En Memorias de un desmemoriado –más un fiable cuaderno de viajes que una autobiografía con sentido, uno de sus peores y más decepcionantes libros, de hecho- despacha sus años de niñez con una frase de cumplido y en buena parte fingida: “Omito lo referente a mi infancia, que carece de interés o se diferencia poco de otras de chiquillos o de bachilleres aplicaditos”.
Fue testigo de la transformación populosa de la ciudad. Cuando llegó, contaba con 300.000 habitantes. Al morir, sobrepasaba el medio millón
Mentía, cómo no. Sencillamente, no quería mirarse en el espejo. Puede que por no volver a ver a su madre, doña Dolores, que le provocaba pavor y llevaba las riendas de la casa con más firmeza que su padre, Sebastián, militar. Puede también que por no observarse a sí mismo como la criatura mimada que, por qué no, luego le proporcionó el cuajo emocional suficiente para convertirse en escritor. Todo son dudas en ese capítulo. Todo evasivas.
Galdós, de hecho, acepta su propia vida, su propio yo, desde que pisa Madrid. Fue testigo de la transformación populosa de la ciudad. Cuando llegó, contaba con 300.000 habitantes. Al morir, sobrepasaba el medio millón, comenta Francisco Canovas Sánchez en su biografía sobre el autor (Alianza). El joven Benito, ya nunca más quiso que le llamaran Benitín y comenzó a forjar una forma de rebeldía. Hace novillos ya de entrada en la Universidad: gandulea, dice, por el gozo de observar la vida bulliciosa e ingente de la ciudad que con los años inmortalizó para siempre.

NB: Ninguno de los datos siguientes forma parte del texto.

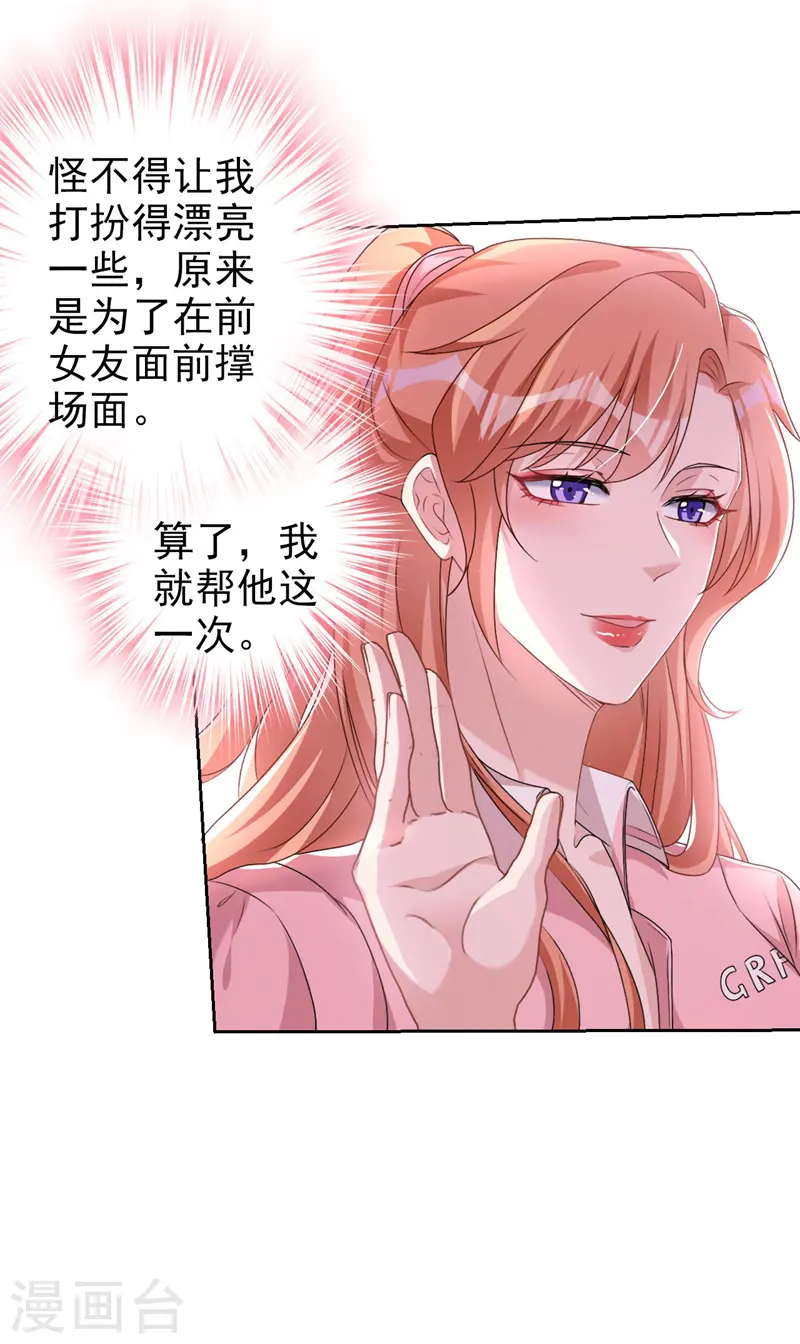 第59话 他太黏我了9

En esa época aprende aceptar al muchacho que ha roto lazos y al joven comprometido que se topa en las vías con sangre derramada de estudiantes e insurgentes a causa de motines y fusilamientos, como los que describe tras la noche de San Daniel, en 1865 o más adelante, un año después, con la sublevación del cuartel San Gil. “Madrid era un infierno”, cuenta. Buena excusa para buscarle las esquinas al paraíso, por tanto.
Al tiempo, tomó conciencia –y partido- por la transformación radical de una sociedad que siempre consideró injusta, desarticulada, desigual y atada a dinámicas atávicas perniciosas. Se alojó aquellos primeros meses en una pensión de la calle Fuentes, cercana a la Puerta del Sol. Desde allí frecuentaba los teatros –el Real y el Español, principalmente- y salía de farra con sus paisanos canarios. Así fue como comenzó a hacerse con las virtudes y los vicios del territorio para poblarlo de todas aquellas criaturas que alumbró y son el alma transida e inmortal de nosotros mismos.